Une déconnexion qui tend à devenir la norme

La déconnexion entre le revenu et le travail est déjà bien amorcée. C'est une tendance des sociétés industrialisées contemporaines qui se matérialise notamment par :

  • l'accroissement de la part des prestations sociales (notamment chômage) au sein du PIB ;
  • l'importance des externalités positives dans la création de valeur économique.
    « Ce qui était vrai aux temps les plus reculés de notre histoire ne l’est plus totalement aujourd’hui car, depuis, la nature et la place du travail ont fortement évolué dans notre société. D’ores et déjà, une fraction croissante du revenu des ménages se forme indépendamment de toute participation à l’effort productif, puisque la part des prestations sociales ne cesse de s’accroître dans le PIB, passant de moins de 12% en 1949 à 30% en 1998. [...] Le produit de notre travail n’est pas le fruit de notre seul mérite. Il est aussi le fruit du savoir né du travail des générations antérieures, qui conditionne l’ensemble des connaissances, le capital matériel et social accumulé, le niveau même des salaires, et encore les infrastructures et la culture même dans laquelle nous vivons. C’est cet ensemble qui est à l’origine de l’efficacité des efforts individuels et caractérise le niveau de vie d’un pays. Ces fruits appartiennent donc à tous, qu’ils travaillent ou non, et la justice sociale impose que chacun en perçoive une part égale. »
    Mouvement français pour un revenu de base, « Quelles sont les critiques ? ».

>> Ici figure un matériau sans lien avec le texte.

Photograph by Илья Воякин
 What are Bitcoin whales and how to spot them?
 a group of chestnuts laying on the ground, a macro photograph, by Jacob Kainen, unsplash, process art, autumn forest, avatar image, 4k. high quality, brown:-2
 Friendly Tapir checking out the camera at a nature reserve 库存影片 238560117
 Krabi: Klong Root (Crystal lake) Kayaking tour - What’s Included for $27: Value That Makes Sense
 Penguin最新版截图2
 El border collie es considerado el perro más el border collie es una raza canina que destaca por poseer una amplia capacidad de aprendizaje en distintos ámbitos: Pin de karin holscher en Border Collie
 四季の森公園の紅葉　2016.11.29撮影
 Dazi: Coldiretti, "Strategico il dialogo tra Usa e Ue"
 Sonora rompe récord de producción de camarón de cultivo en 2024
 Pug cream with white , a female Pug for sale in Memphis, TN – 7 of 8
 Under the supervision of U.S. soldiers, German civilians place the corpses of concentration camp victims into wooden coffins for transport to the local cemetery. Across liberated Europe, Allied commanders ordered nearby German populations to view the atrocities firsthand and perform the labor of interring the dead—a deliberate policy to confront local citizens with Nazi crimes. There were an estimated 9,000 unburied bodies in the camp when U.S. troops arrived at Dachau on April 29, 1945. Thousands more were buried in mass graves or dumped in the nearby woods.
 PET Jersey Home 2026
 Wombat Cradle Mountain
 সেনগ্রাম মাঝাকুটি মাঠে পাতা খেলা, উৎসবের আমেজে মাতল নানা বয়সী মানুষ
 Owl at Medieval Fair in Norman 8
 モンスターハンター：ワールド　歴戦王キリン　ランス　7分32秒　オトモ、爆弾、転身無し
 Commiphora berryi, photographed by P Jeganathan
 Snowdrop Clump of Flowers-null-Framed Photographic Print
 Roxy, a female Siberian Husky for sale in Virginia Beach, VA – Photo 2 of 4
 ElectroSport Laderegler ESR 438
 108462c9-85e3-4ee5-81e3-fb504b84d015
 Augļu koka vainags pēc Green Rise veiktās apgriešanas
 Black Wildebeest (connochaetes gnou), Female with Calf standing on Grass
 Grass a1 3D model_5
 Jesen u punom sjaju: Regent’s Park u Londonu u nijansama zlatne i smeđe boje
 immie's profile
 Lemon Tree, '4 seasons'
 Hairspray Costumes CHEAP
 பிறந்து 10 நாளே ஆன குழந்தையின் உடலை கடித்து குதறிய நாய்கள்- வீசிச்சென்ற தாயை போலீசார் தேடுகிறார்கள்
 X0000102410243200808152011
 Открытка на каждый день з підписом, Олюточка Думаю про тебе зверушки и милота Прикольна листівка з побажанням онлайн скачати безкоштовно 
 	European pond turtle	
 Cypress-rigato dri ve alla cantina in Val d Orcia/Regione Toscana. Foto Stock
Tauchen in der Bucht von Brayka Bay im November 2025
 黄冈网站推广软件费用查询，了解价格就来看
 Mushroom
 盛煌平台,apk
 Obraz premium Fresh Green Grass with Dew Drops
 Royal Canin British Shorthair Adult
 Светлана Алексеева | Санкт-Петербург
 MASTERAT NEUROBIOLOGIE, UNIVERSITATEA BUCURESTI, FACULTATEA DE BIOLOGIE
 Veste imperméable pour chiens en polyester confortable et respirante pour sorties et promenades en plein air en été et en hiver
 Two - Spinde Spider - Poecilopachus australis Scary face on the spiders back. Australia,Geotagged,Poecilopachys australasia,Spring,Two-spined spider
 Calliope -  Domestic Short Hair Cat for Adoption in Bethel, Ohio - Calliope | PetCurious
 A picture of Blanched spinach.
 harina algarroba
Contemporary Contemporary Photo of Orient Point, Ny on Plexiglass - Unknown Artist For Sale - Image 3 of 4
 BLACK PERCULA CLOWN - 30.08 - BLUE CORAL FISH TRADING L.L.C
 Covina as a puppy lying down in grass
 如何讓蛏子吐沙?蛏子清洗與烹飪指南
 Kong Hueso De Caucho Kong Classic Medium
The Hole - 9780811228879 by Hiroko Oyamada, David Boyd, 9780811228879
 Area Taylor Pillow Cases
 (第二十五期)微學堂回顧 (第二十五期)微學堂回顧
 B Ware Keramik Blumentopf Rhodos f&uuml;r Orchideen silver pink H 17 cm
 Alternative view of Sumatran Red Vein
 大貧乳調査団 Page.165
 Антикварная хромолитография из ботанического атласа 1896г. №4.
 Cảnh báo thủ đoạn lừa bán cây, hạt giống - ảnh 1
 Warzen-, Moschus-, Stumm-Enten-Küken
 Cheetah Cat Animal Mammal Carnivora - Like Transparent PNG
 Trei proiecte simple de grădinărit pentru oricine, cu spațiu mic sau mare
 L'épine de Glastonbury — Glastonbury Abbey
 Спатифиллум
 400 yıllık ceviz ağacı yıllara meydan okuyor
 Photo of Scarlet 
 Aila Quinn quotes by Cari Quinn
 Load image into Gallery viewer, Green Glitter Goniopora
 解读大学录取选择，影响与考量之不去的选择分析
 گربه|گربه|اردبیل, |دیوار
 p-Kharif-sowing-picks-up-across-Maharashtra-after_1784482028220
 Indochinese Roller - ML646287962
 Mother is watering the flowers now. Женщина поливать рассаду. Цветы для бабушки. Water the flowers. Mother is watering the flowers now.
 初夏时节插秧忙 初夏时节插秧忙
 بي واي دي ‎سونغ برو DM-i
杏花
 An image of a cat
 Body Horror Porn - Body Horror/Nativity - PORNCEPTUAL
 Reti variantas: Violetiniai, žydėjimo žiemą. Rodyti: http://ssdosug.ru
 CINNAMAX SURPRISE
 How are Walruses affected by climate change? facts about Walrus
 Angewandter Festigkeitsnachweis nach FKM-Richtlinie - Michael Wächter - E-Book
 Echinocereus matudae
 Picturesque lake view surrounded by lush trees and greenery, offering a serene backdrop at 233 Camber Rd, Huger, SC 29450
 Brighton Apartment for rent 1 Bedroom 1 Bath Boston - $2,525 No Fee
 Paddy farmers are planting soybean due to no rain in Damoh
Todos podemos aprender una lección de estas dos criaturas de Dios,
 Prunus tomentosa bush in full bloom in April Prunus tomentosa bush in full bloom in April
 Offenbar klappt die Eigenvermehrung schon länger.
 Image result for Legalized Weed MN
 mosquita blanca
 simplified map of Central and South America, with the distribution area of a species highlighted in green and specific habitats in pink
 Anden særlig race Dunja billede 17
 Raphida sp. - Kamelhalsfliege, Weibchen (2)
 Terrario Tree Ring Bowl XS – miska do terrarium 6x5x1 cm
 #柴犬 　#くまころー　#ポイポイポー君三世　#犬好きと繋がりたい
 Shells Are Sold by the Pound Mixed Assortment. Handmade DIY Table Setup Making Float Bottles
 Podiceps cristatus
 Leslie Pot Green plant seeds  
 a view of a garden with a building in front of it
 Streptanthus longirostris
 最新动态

Des mécanismes régulateurs

Des mécanismes peuvent inciter les personnes touchant un revenu de base à exercer un travail salarié. Par exemple, si le montant du revenu de base n'est pas suffisant pour bien vivre, une grande partie des personnes seront conduites à travailler. Le travail pourra, en ce sens, toujours être la source de financement du revenu de base.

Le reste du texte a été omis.